When are we ever going to use trigonometry?

In the summer of 1994 I worked at an outdoor education center in Montana. We lived in crumbling Forest Service barracks on the north fork of the Flathead River. The Douglas Fir forest swarmed with deer, at night we heard mountain lions. Every week a bus would ramble up the dirt road and empty a rabble of fifth graders versed enough to recognize a bull trout but still thrilled to see otters riffling the river, and recoiling in nervous delight from binoculars when they spotted a grizzly on the adjacent huckleberry mountain. Teaching kids about the outdoors in a place so wild was like teaching art history in Le Louvre.

Because the baracks were in such a state of disrepair, I one night saw the Aurora Borealis. The toilets in the teacher cabin had not quite flushed in some days and we were waiting for a backhoe to dig out and replace the pipes to the brownfield.
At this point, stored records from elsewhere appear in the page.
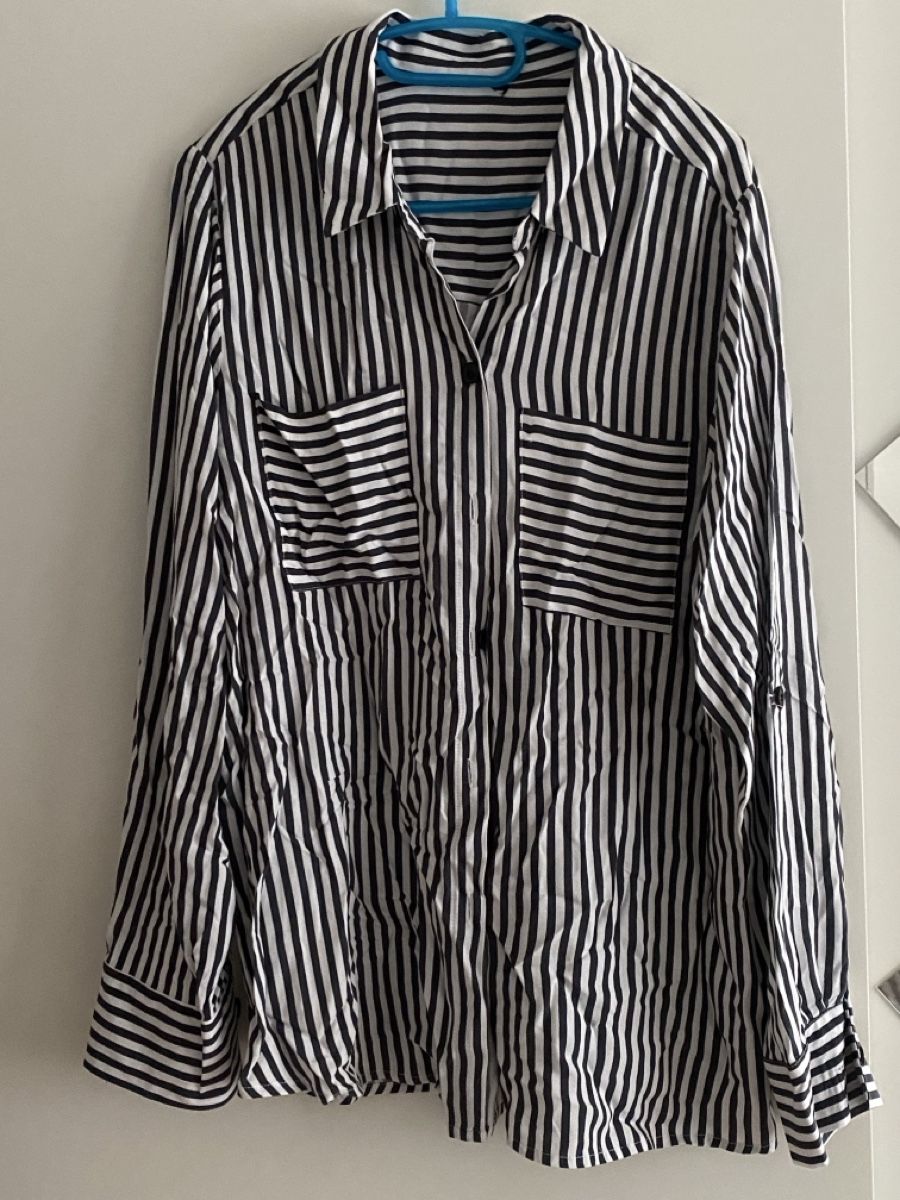 Blusen: Damen Bluse schwarz weiss gestreift Grösse L – Gebraucht aus Zürich von vreni1973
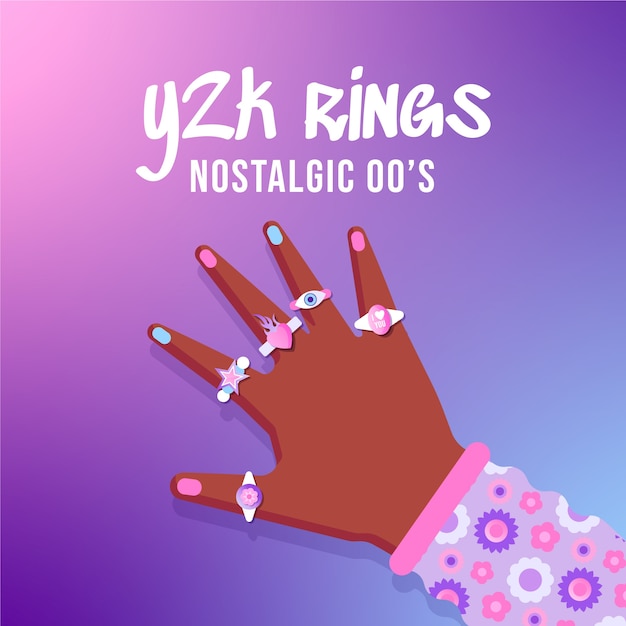 Free Vector gradient y2k  rings illustration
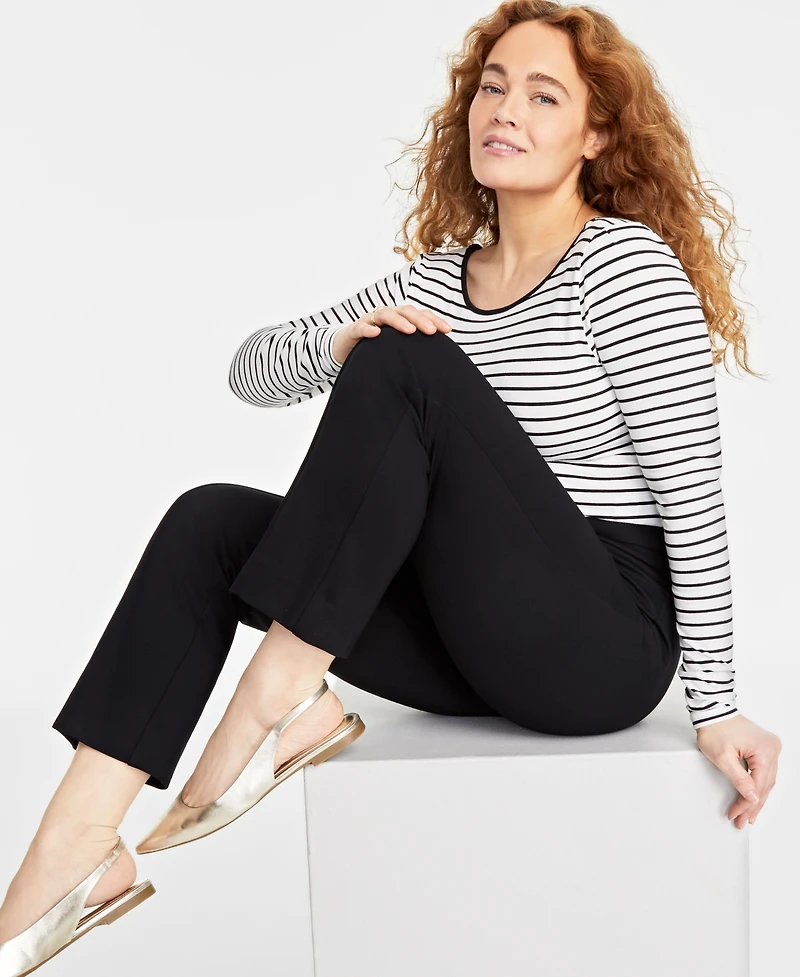 On 34th Women's Ponte-Knit Pull-On Ankle Pants, Regular & Short, Created for Macy's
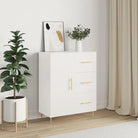 Grijs Sonoma dressoir van bewerkt hout met tijdloze uitstraling - Wit / 1 - Dressoirs & buffetkasten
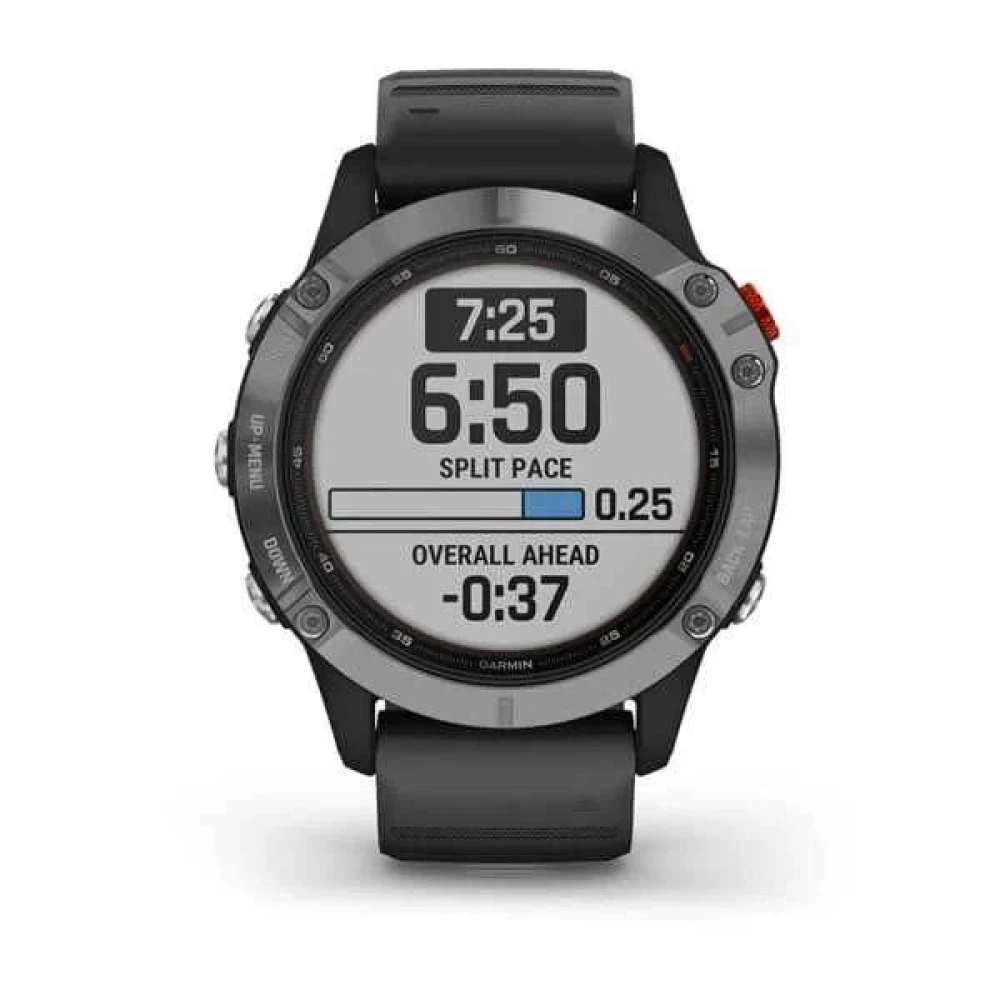 Спортивные часы Garmin Fenix 6 Solar Silver Black Band 010-02410-00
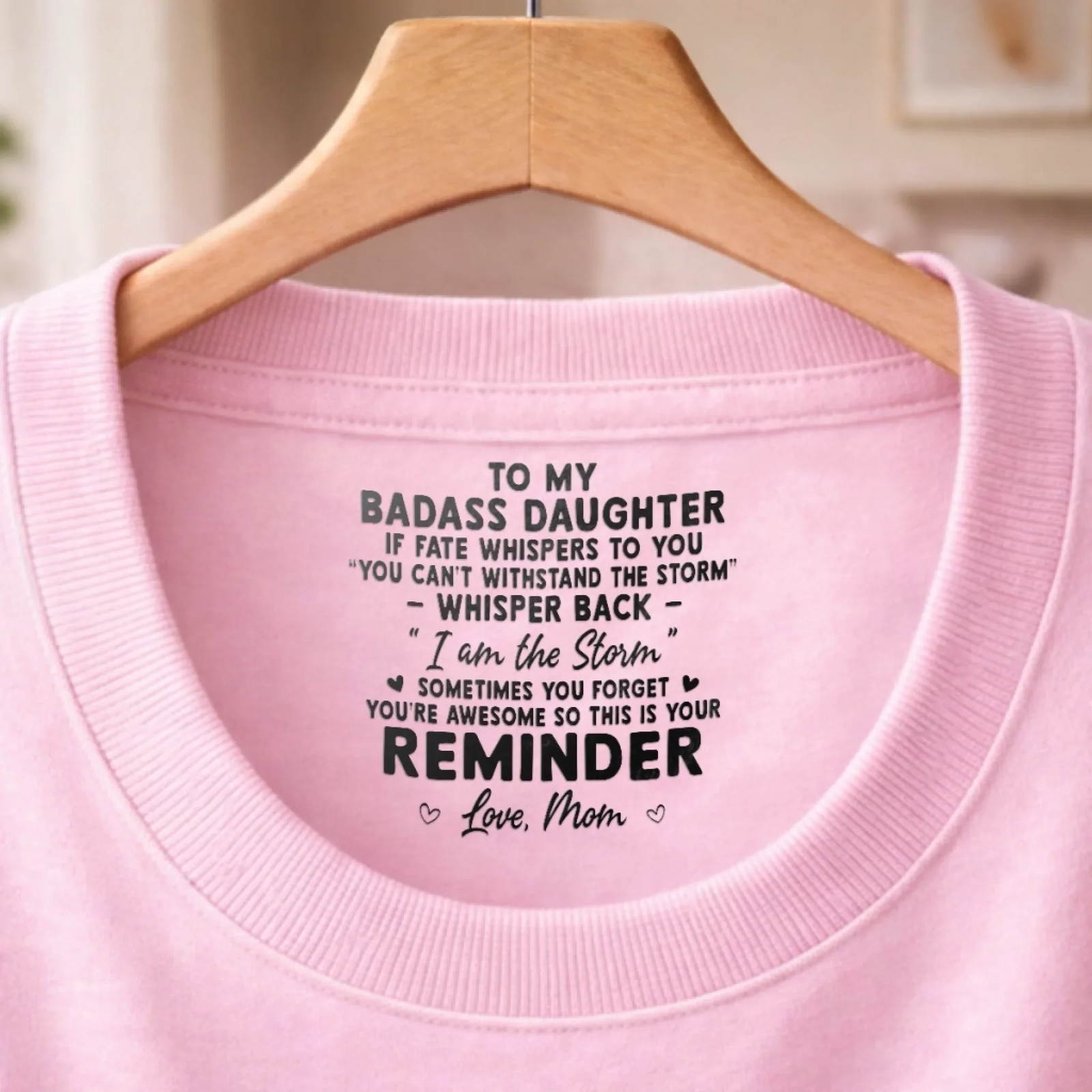 Loved Beyond Words For Daughter- Personalized Custom Inside Neck Print T-Shirt - Birthday Gifts For Daughter, Granddaughter
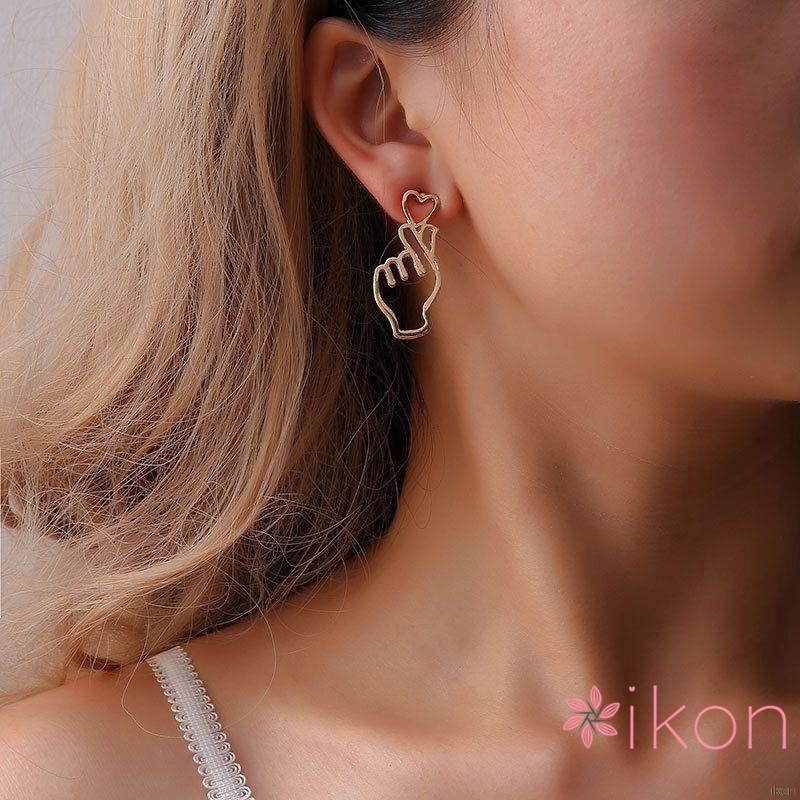 Hoa tai kim loại hình trái tim cho nữ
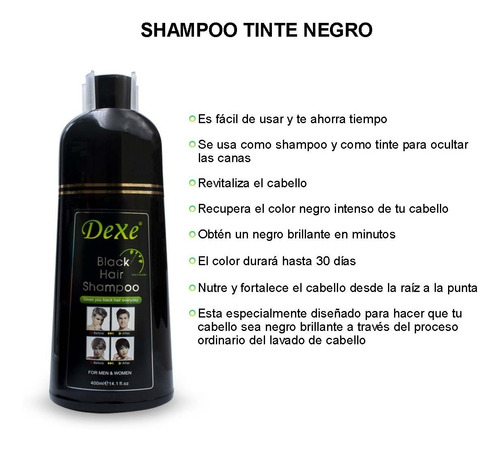 Shampoo Para Canas Con Tinte Para Cabello Color Negro 2 En 1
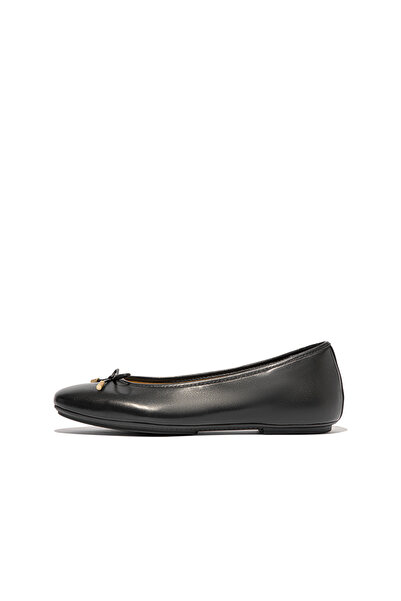 Fitflop Kadın / Kız Babet HX8-001 DELICATO Bow Soft Leather Ballet Flats BLACK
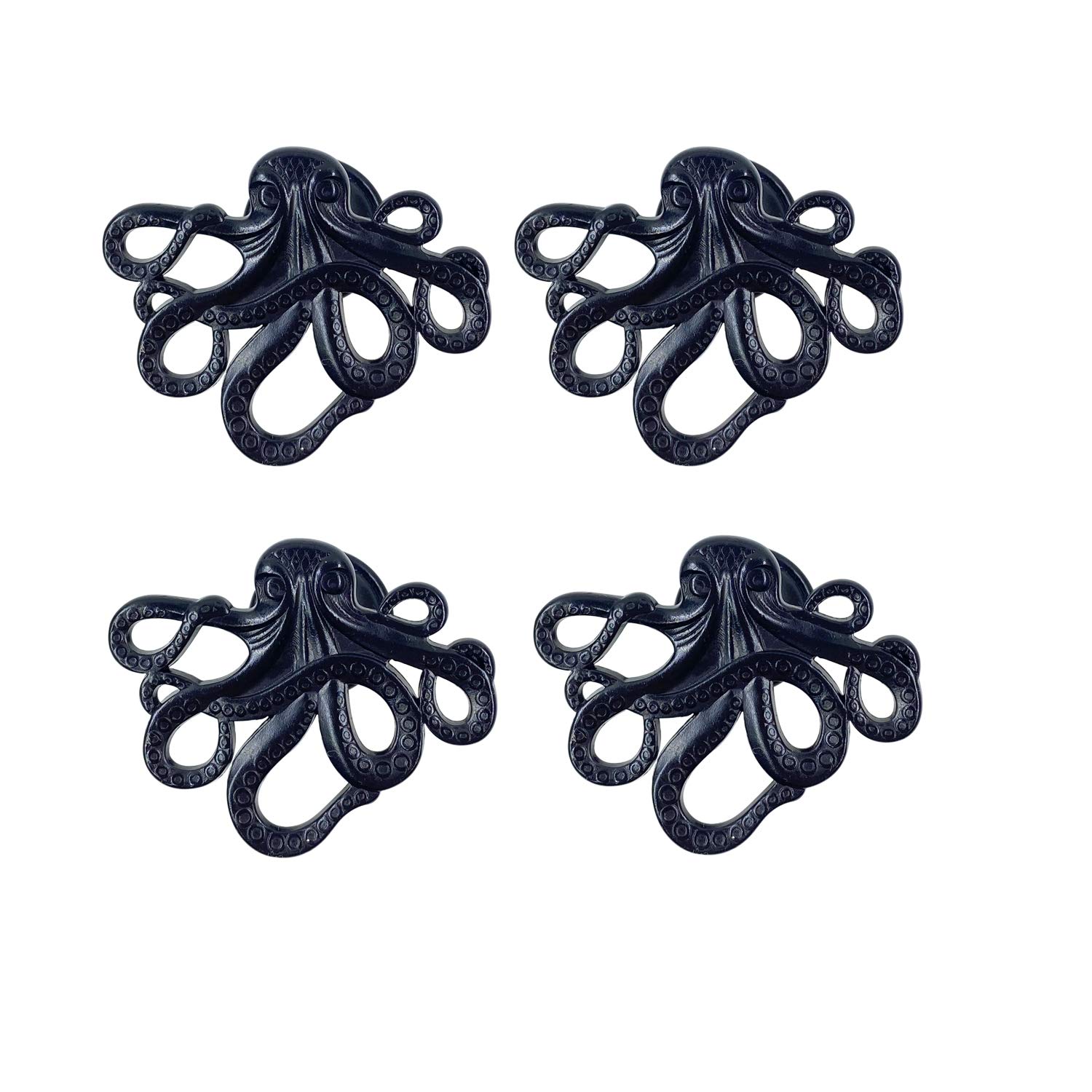 Octopus Drawer Knobs Set of 4 - Nautical Beach Decor for Coastal Homes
I woke and wandered down the hall, surprised to find it rather well-lit. Outside, the mist of my sudden exhalation lifted to mix with the waves of light. It seemed much closer than I had imagined. It was indeed just like a postcard, in your hand, right there at hand.

The next morning came the backhoe. The map showed lines here and there but they dug several holes and couldn't hit the pipe. It occurred to me that if I wriggled into the crawlspace under the barrack I might be able to determine the angle at which the pipe began its path and with some trigonometry establish precisely where it exited the building. Sure enough, after brushing aside the cobwebs and a bit of scratching, I exposed the section of pipe heading out, and roughly measured the angle with a navigational compass gleaming in the light of my headlamp. A couple calculations further and we had the line marked with string in the sunlight, and soon the pipe was reached and plumbing restored.

I do sometimes wonder how many times I would have seen the Aurora Borealis had I not used trigonometry to solve that problem. But at least I have a great answer when a student asks what trigonometry is good for. I try not to teach a procedure unless I've given students a reason to use it. There are plenty of interesting problems to solve in the world, and we should by all means give students the most compelling problems we can imagine. While this particular story has not become an investigation for my students to work on in class, there are plenty others, real and invented, which I've created to draw students to light and pattern.